管理人のイエイリです。
クルマの中で人間が「熱い」「寒い」と感じる温熱快適性を高めるために、これまではカーエアコンによる冷房や、エンジンの排気熱による暖房が頼りでした。
しかし、最近はエンジンの高効率化が進み排熱量が減ったり、電気自動車(EV)では航続距離を伸ばすためにカーエアコンへの電力を減らしたりと、車内空調のエネルギー削減が求められています。
そこで東京都市大学、東京大学生産技術研究所、自動車技術会による研究チームは、快適で省エネなカーエアコンを実現するために、車内温度予測手法を開発しました。

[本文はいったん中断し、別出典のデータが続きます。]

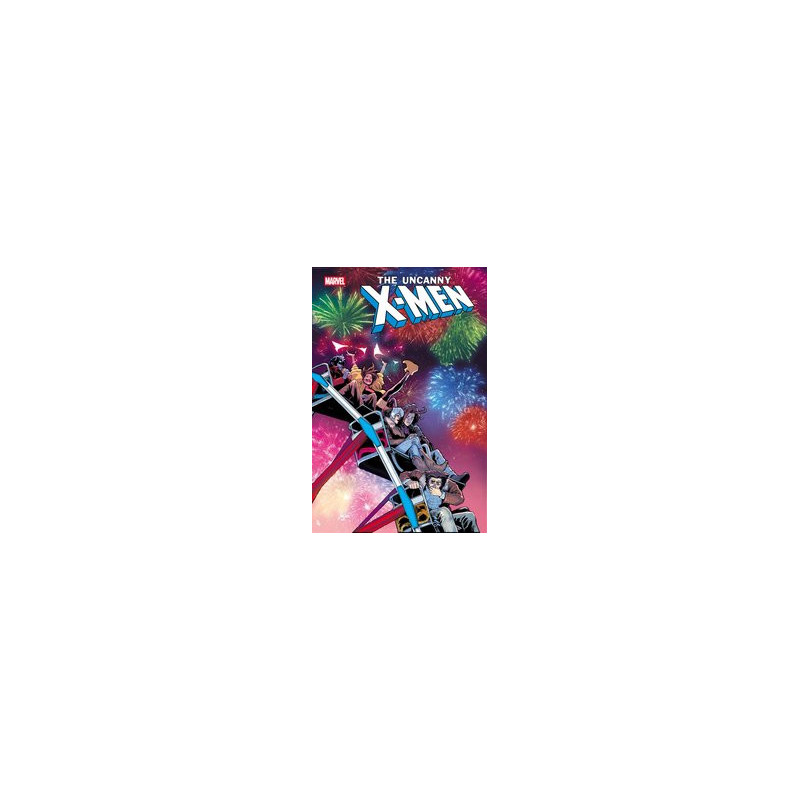 UNCANNY XMEN  18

車内の気温だけでなく、エアコンによる気流や日射や天井からの放射熱も考慮し、車内の快適性を
ナ、ナ、ナ、ナント、
「等価温度」で評価
するという、建築っぽい手法を使っているのです。
等価温度とは、空気の温度、気流速度、周囲の壁からの放射温度という3要素を考慮した温度で、建物内部の快適性の指標として使われています。
例えば、「気温が28℃で扇風機を使ったとき」に「気温23℃で扇風機を使わないとき」と同じ快適さを感じた場合、「等価温度は23℃」ということになります。
建築設計では、こうした設計を行う場合、放射熱を考慮したコンピューターによる熱流体解析(CFD)を行って建物内部の等価温度を求めますが、計算に数日かかることもあります。
一方、クルマの場合は日射の向きなどが時々刻々と変わるため、あらゆる条件を網羅したCFD解析を行うのは難しいという事情があります。
そこで、エアコンの吹き出し温度や風量、日射量、外気温などの影響を「温熱環境形成寄与率(CRI)」という指標に分解し、事前に行っておいたCFD解析の結果に
足し合わせる
ことで、簡単に車内の温度を求められるようにしたのです。
この研究によって、カーエアコンの吹き出し口の配置や制御方法を改善することが期待でき、最小のエネルギーで最大の効果を発揮させることが期待できます。
この研究は、東京都市大学工学部機械システム工学科の永野秀明講師と修士1年の田ノ上康弘さん、東京大学生産技術研究所の加藤信介教授、そして自動車技術会
車室内環境技術部門委員会が共同で行いました。
人間が活動する場所の快適性を“建築っぽい手法”で評価、改善していく余地は、クルマの中にとどまらず、まだまだ多く残されているように思います。建築設計者も建物以外の快適性追求に活躍の場を広げてみてはいかがでしょうか。